▶ Exercise description: In your transcription, keep every record exact and leave out the pictures.

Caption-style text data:

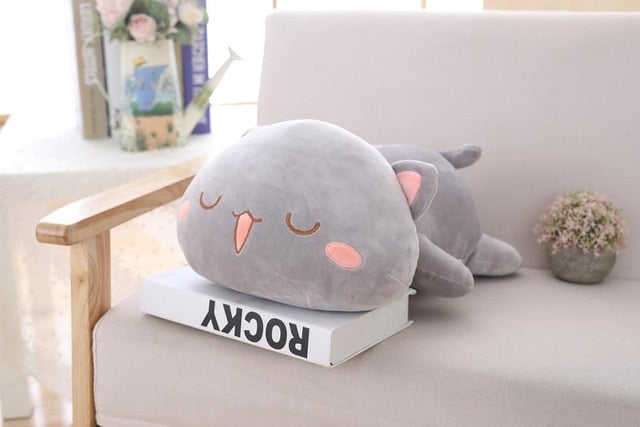 Stuffed Cute Cats Doll Lovely Animal Pillow 35/50/ 60cm Kawaii Lying Cat Plush Toys Soft Cartoon Cushion Kid Christmas Gift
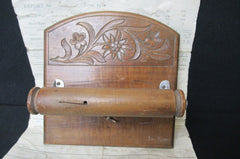 Antique Swiss Music Box Toilet Roll Holder. Musical Toilet Paper Dispenser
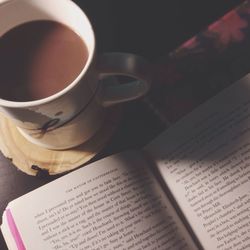 Close-up of books on book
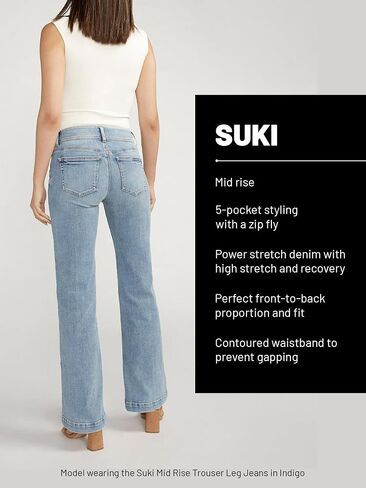 Silver Jeans Co. Women's Suki Mid Rise Curvy Fit Flare Leg Jeans in Saudi Arabia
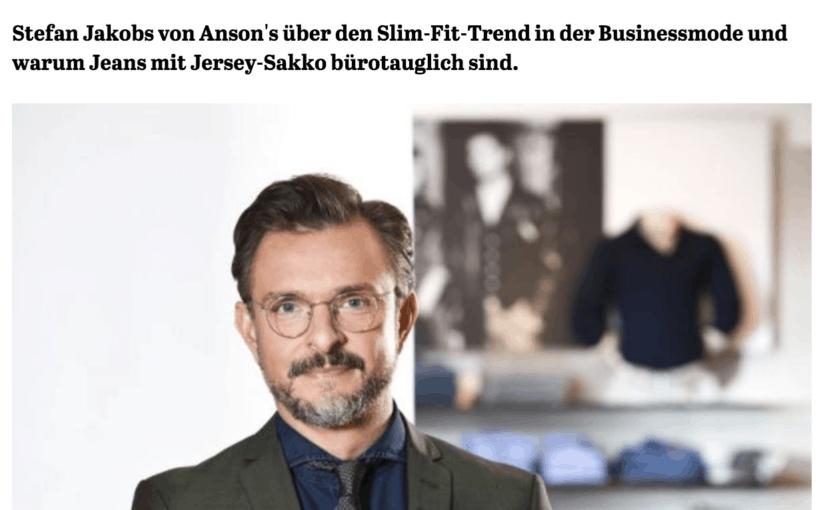 Was Mann trägt: Stefan Jakobs, Anson’s (für Capital.de)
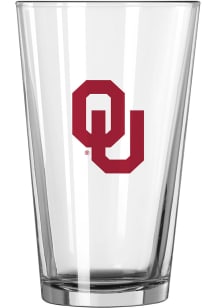 Oklahoma Sooners 16 oz Gameday Pint Glass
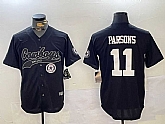 Men's Dallas Cowboys #11 Micah Parsons Black With Patch Cool Base Stitched Baseball Jersey,baseball caps,new era cap wholesale,wholesale hats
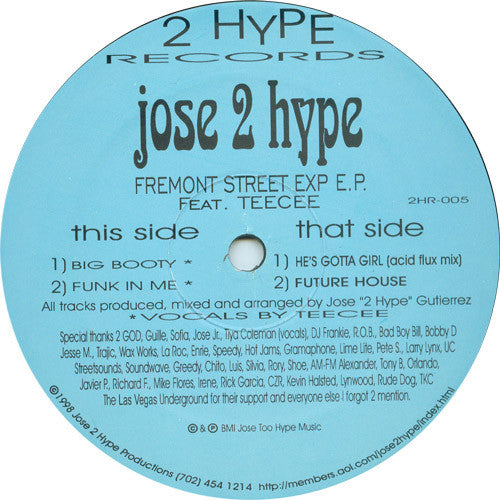 Jose 2 Hype - Fremont Street Exp E.P.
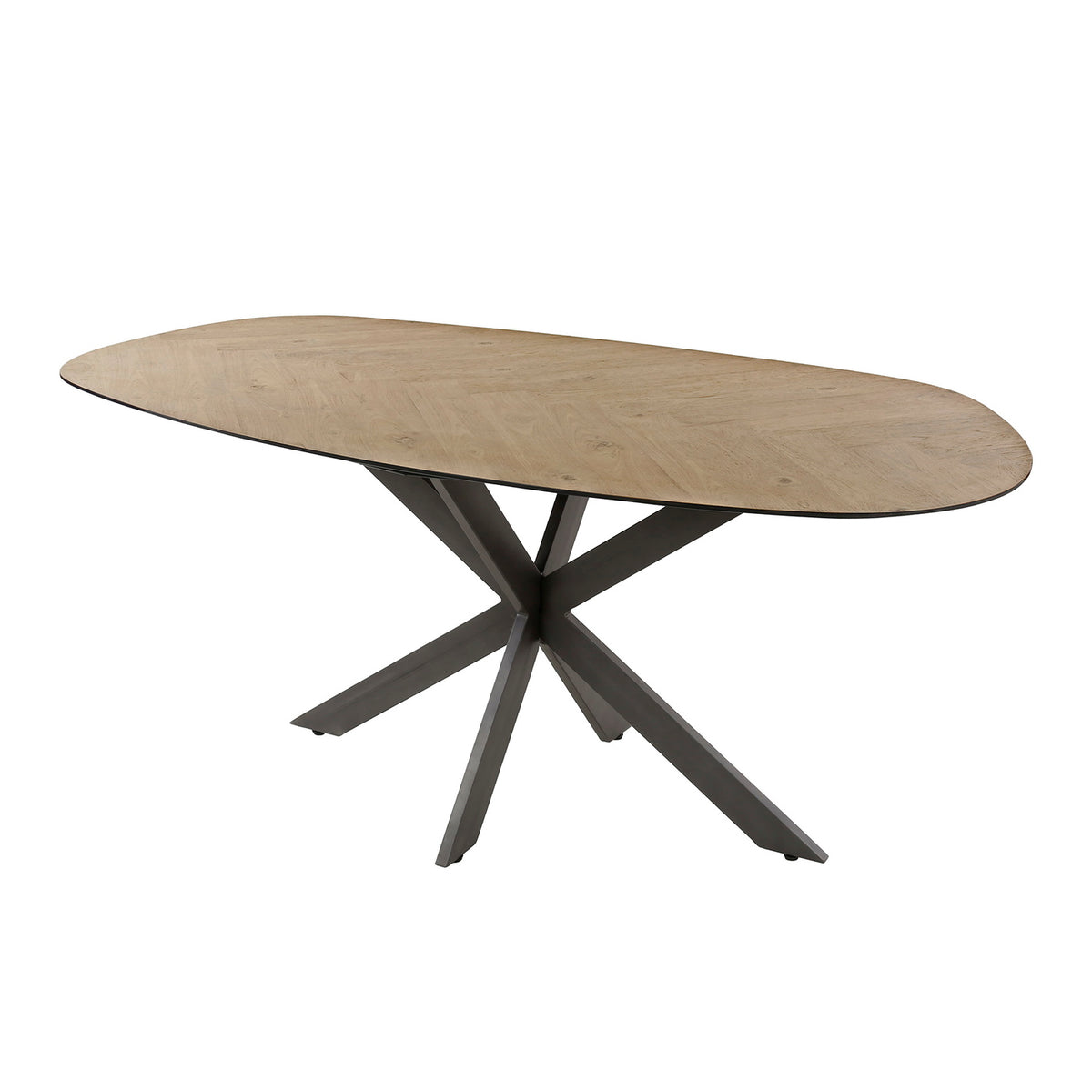 Giga Meubel Eettafel Organisch - Naturel Hout - 180x95x76cm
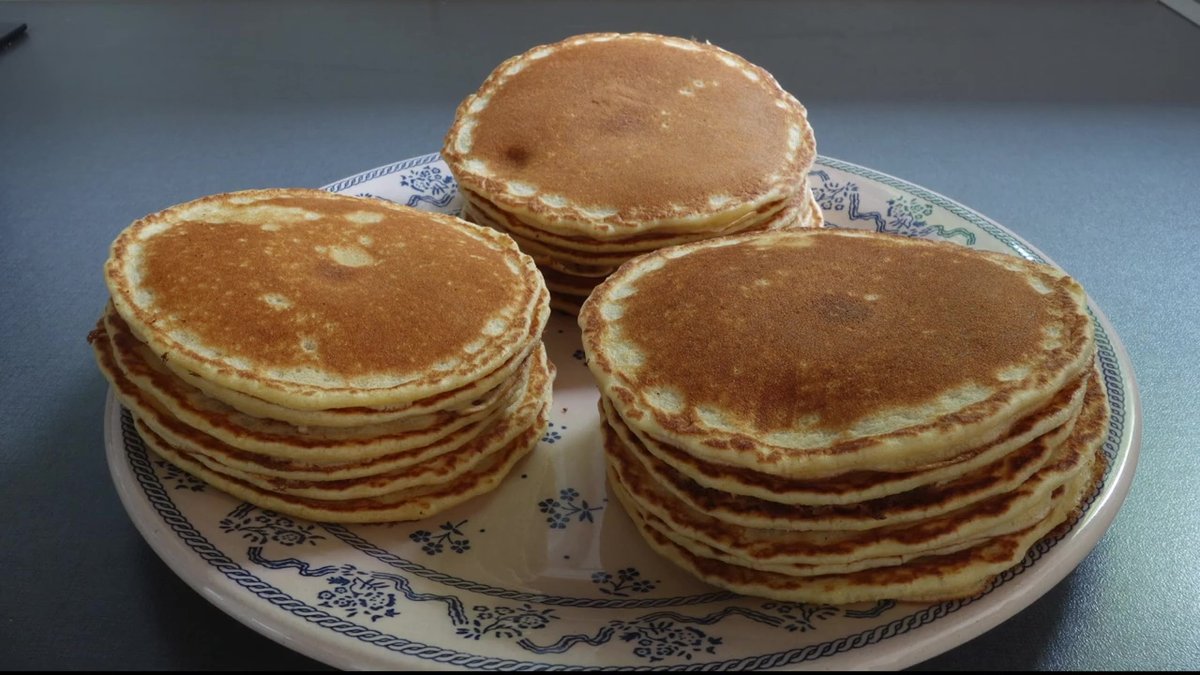 Des pancakes au Companion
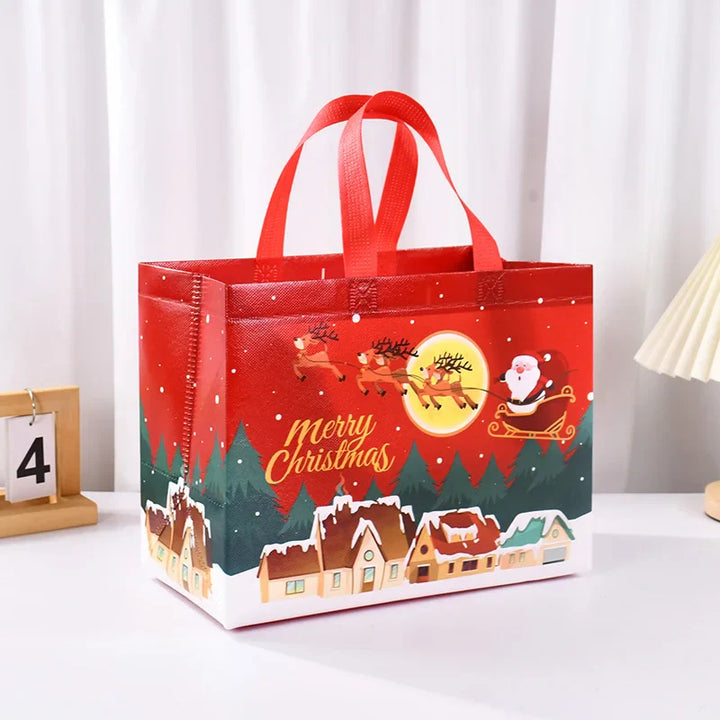 Rynx Christmas gift bag Santa Claus snowman candy gift wrapping bag 2024 Merry Christmas party home decoration Navidad Noel 2025 New Year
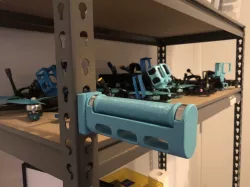 Metal Keyhole Shelf Mount for Filler Filament Holder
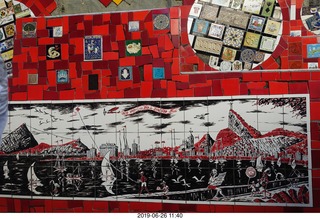 282 a0e. Rio de Janeiro - city tour Lapa Steps (Selar�n's Staircase)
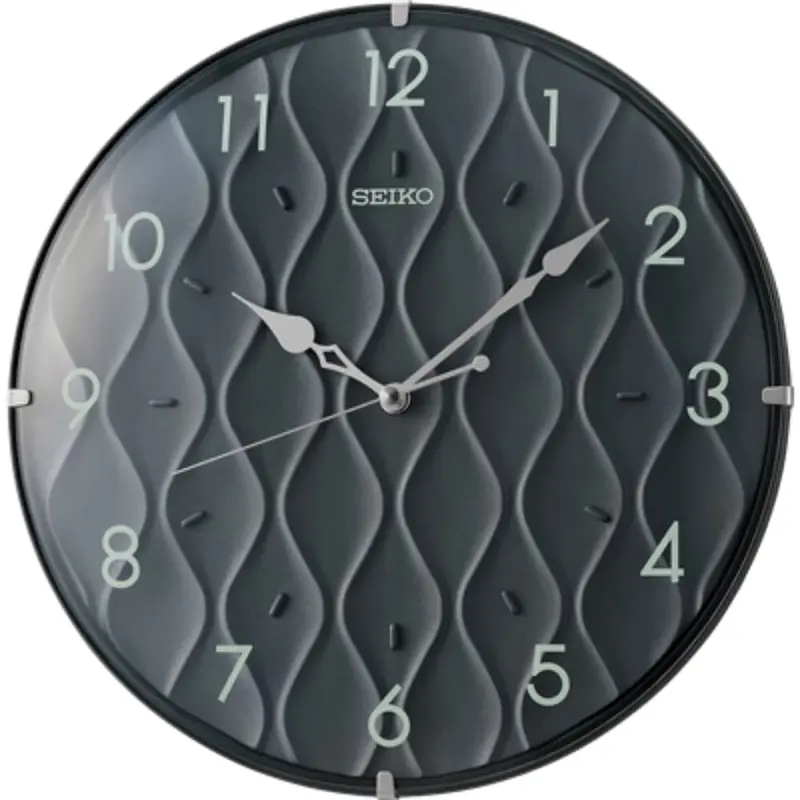 Seiko Clock Qxa794kl Black Wall Clock 1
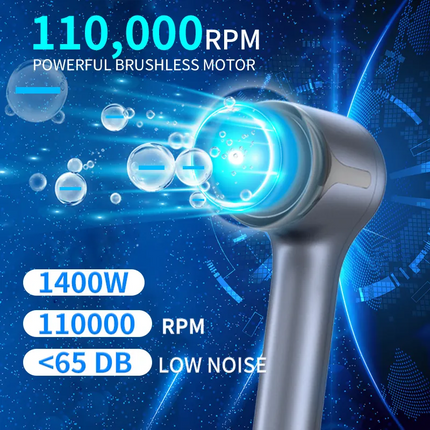 Lightweight High-Power Ionic Hair Dryer with Brushless Motor & Cool Shot Function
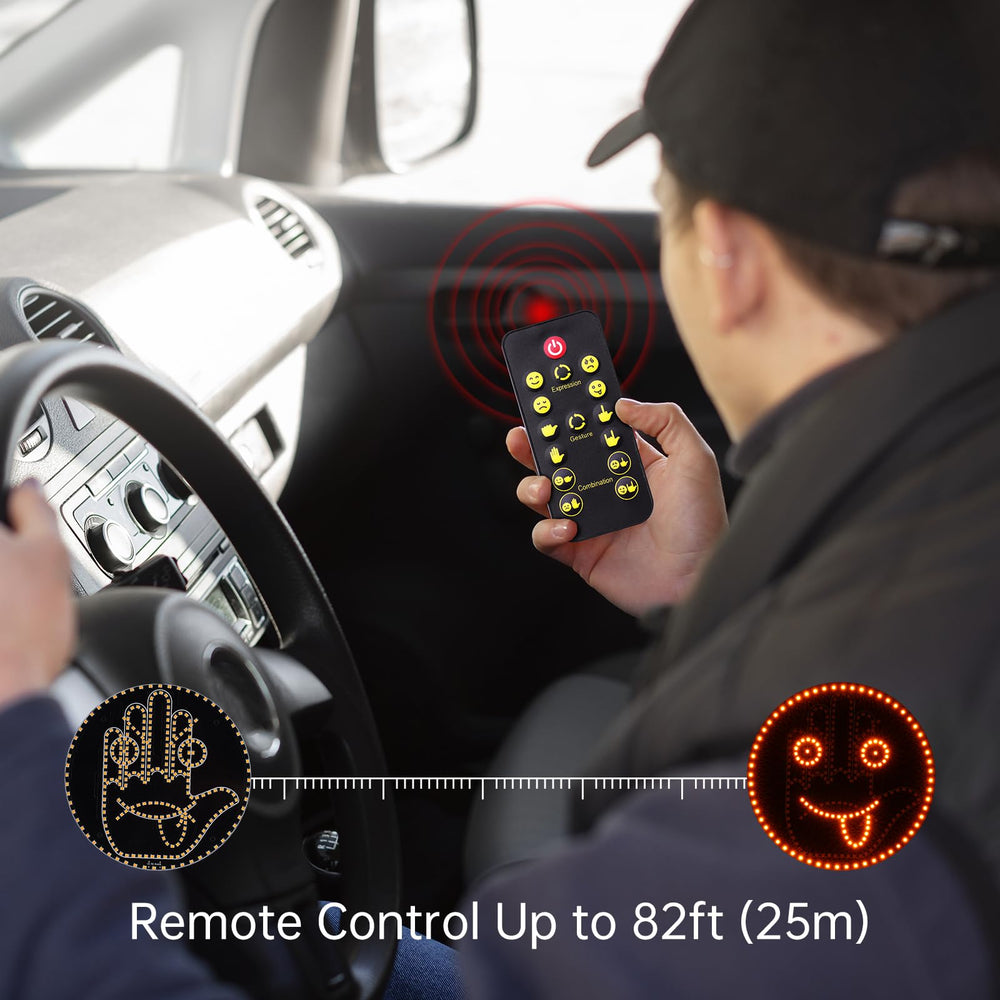 Tomorotec Road Mate anti-tailgating visuals communicate intent to nearby drivers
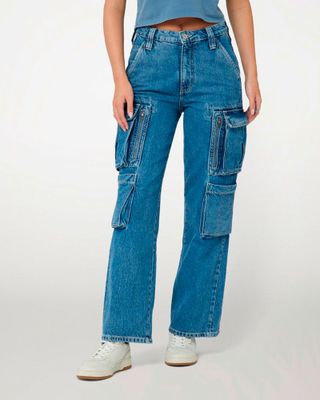 Jeans Guess Mujer Kori Cargo Denim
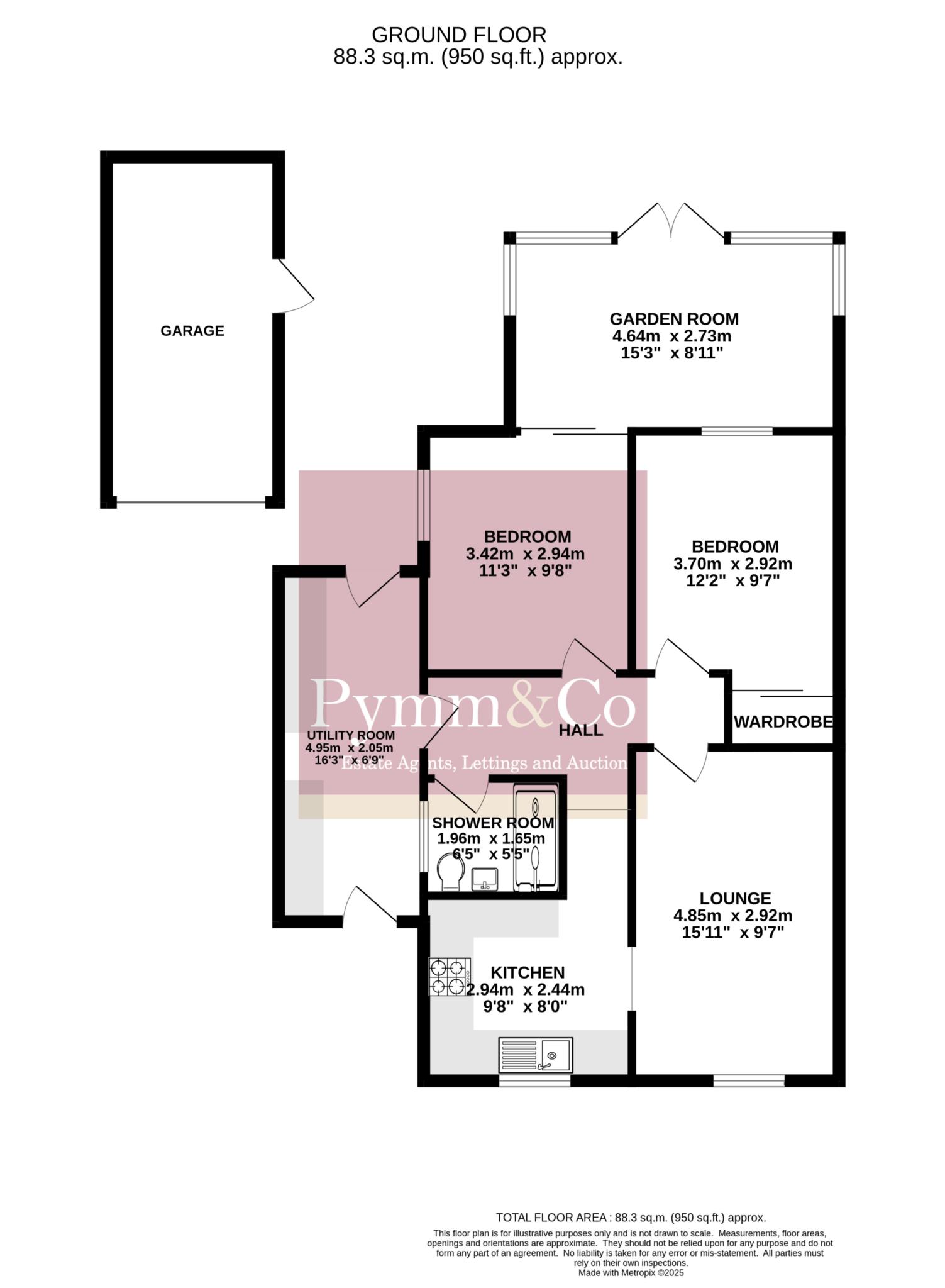 20, Ellinor Road, North Walsham floorplan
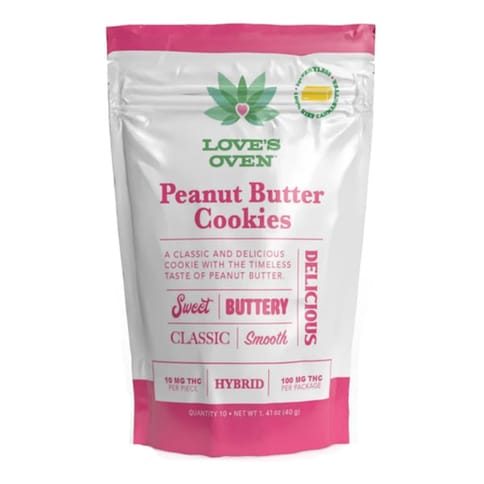Love's Oven Cookie | Peanut Butter Hybrid 100mg Rec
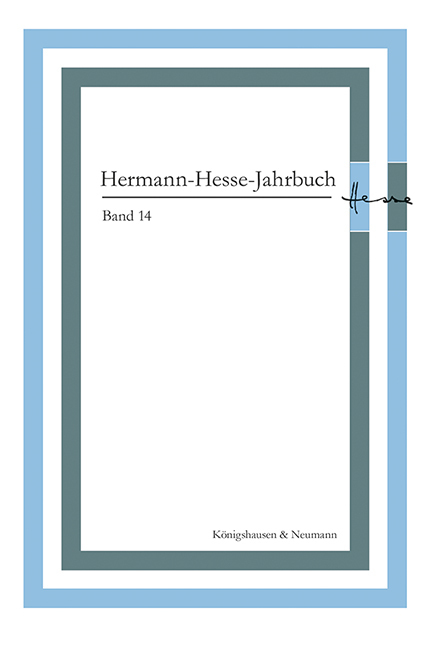 Cover: 9783826075889 | Hermann-Hesse-Jahrbuch, Band 14 | Michael Limberg | Buch | 2022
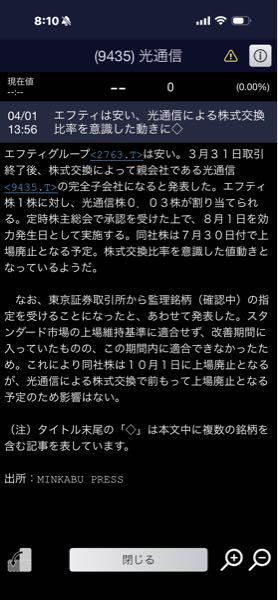 (株)光通信【9435】 んー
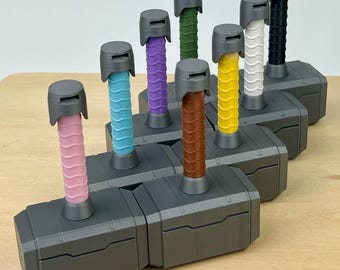 Thor Hammer Baby Rattle Gift Pack - Personalized Mjolnir Superhero Newborn Gift Set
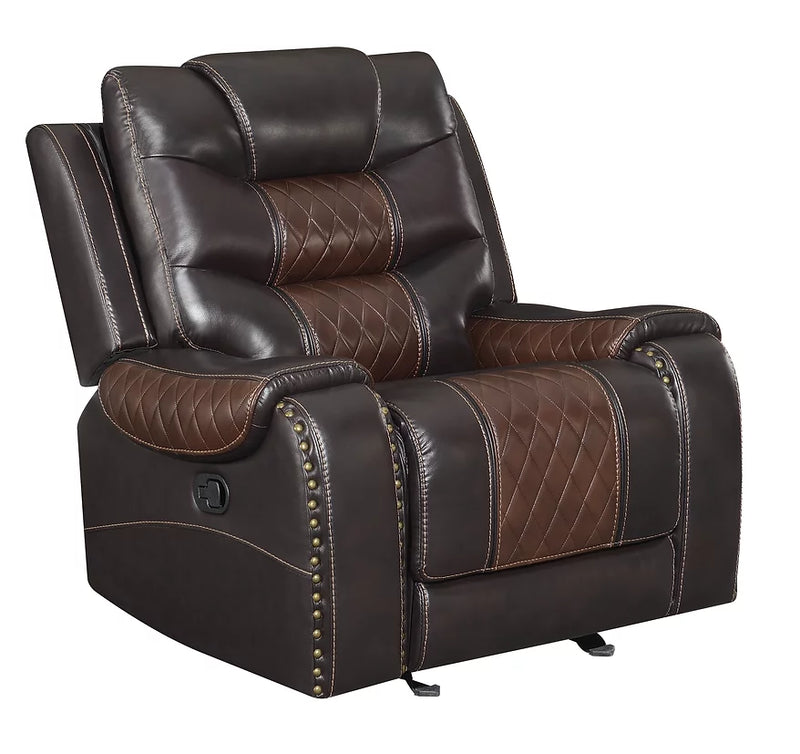 S1987 Phoenix Brown 3-Piece Recliner Set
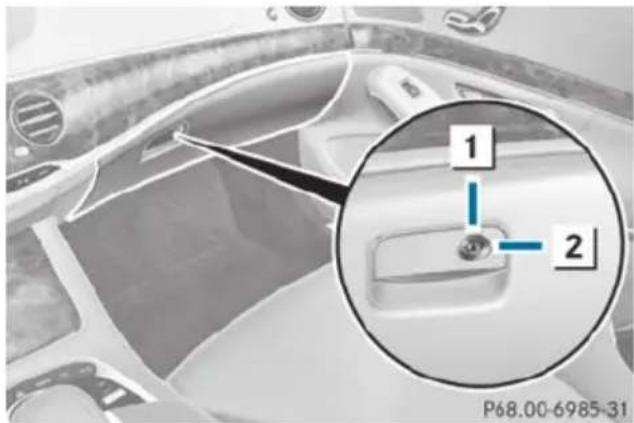 Mercedes-Benz S-Class - Glove box - 2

▶ Task answer:
 Stuffed Cute Cats Doll Lovely Animal Pillow 35/50/ 60cm Kawaii Lying Cat Plush Toys Soft Cartoon Cushion Kid Christmas Gift
 Antique Swiss Music Box Toilet Roll Holder. Musical Toilet Paper Dispenser
 Close-up of books on book
 Silver Jeans Co. Women's Suki Mid Rise Curvy Fit Flare Leg Jeans in Saudi Arabia
 Was Mann trägt: Stefan Jakobs, Anson’s (für Capital.de)
 Oklahoma Sooners 16 oz Gameday Pint Glass
 Men's Dallas Cowboys #11 Micah Parsons Black With Patch Cool Base Stitched Baseball Jersey,baseball caps,new era cap wholesale,wholesale hats
 Jose 2 Hype - Fremont Street Exp E.P.
 Giga Meubel Eettafel Organisch - Naturel Hout - 180x95x76cm
 Des pancakes au Companion
 Rynx Christmas gift bag Santa Claus snowman candy gift wrapping bag 2024 Merry Christmas party home decoration Navidad Noel 2025 New Year
 Metal Keyhole Shelf Mount for Filler Filament Holder
 282 a0e. Rio de Janeiro - city tour Lapa Steps (Selar�n's Staircase)
 Seiko Clock Qxa794kl Black Wall Clock 1
 Lightweight High-Power Ionic Hair Dryer with Brushless Motor & Cool Shot Function
 Tomorotec Road Mate anti-tailgating visuals communicate intent to nearby drivers
 Jeans Guess Mujer Kori Cargo Denim
 20, Ellinor Road, North Walsham floorplan
Love's Oven Cookie | Peanut Butter Hybrid 100mg Rec
 Cover: 9783826075889 | Hermann-Hesse-Jahrbuch, Band 14 | Michael Limberg | Buch | 2022
 (株)光通信【9435】 んー
 Thor Hammer Baby Rattle Gift Pack - Personalized Mjolnir Superhero Newborn Gift Set
 S1987 Phoenix Brown 3-Piece Recliner Set
 Mercedes-Benz S-Class - Glove box - 2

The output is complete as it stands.